Литмир - Электронная Библиотека
A
A

Рыдая вместе с ребенком, которого она машинально качала на руках, Флори не двигалась с места.

В те короткие мгновения, когда они с мужем встретились лицом к лицу, она заметила нечто, смутившее ее: во взгляде Филиппа, когда она передавал ей Агнес, она прочла такую же печаль, такое же презрение, какие несколько минут назад поразили ее во взгляде страдавшей в неволе обезьяны.

IV

«Я умру в конце лета», — сказала себе Матильда.

Она только что проснулась в слезах. Откуда эти слезы, ведь она совсем не боится смерти? Она рассердилась на себя, вытерла слезы, стараясь не потревожить сои мужа.

Молчание ночи дышало покоем. В спящем доме не было слышно ни звука.
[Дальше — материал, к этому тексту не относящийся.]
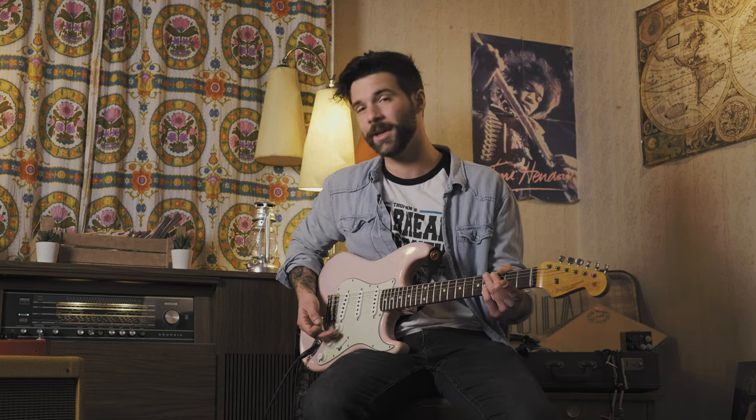From the clean, almost acoustic-like kind of sound, to his main rhythm sound, to his lead sound — these are just gonna be different positions on your volume knob. That's why we went down to 5, because Rory Gallagher famously used a Vox AC30, completely dimed — everything on 12 — and then boosting that with a treble booster.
Рядом с нею спал Этьен.

Она постаралась успокоиться, заставила себя дышать ровнее и принялась размышлять. Ей уже во второй раз приснился этот сон, как бы в напоминание о первом предупреждении. В самом деле, в конце ноября ей приснилось, как будто тетушка Берод с раскрасневшимися щеками, как бывало с нею от волнения при жизни, обратилась к ней со словами: «Это будет в конце лета, — так сказала старуха. — Вы умрете в конце лета!»

Матильда запомнила этот срок, не вполне понимая, была ли эта тревога предчувствием или просто родилась в ее воображении. На сей раз ощущение предупреждения было более определенным. Она видела себя бегущей к какому-то незнакомому дому, видела как вошла в парадную дверь. Посреди вестибюля к ней подошла женщина в трауре, показавшемся ей каким-то особенно строгим. Под черной вуалью было видно бескровное лицо, какое-то зеленоватое, изрезанное глубокими морщинами. Матильда инстинктивно поняла, что это была смерть, шедшая к ней навстречу, раскрывавшая ей объятия и прижимавшая ее к себе, к своим костям, в белом саване и окутанная запахом тлена.

Слезы, пролившиеся еще во сне, до того, как она собралась с мыслями, когда окончательно проснулась, ее умиляли, и она подумала, что это сам Христос в своем Оливковом саду пролил слезы человеческие на ожидавшую ее агонию. Не была ли эта священная скорбь, в которой учитывались все плотские слабости, прощением, ниспосылаемым заранее из любви к людям, которых никогда не перестают осаждать ошибки в момент истины? Земная ипостась, проявившаяся в воплощенном Слове, раз и навсегда оправдывает всех живущих в их последнюю минуту.

Матильда перекрестилась и улыбнулась ночной тьме.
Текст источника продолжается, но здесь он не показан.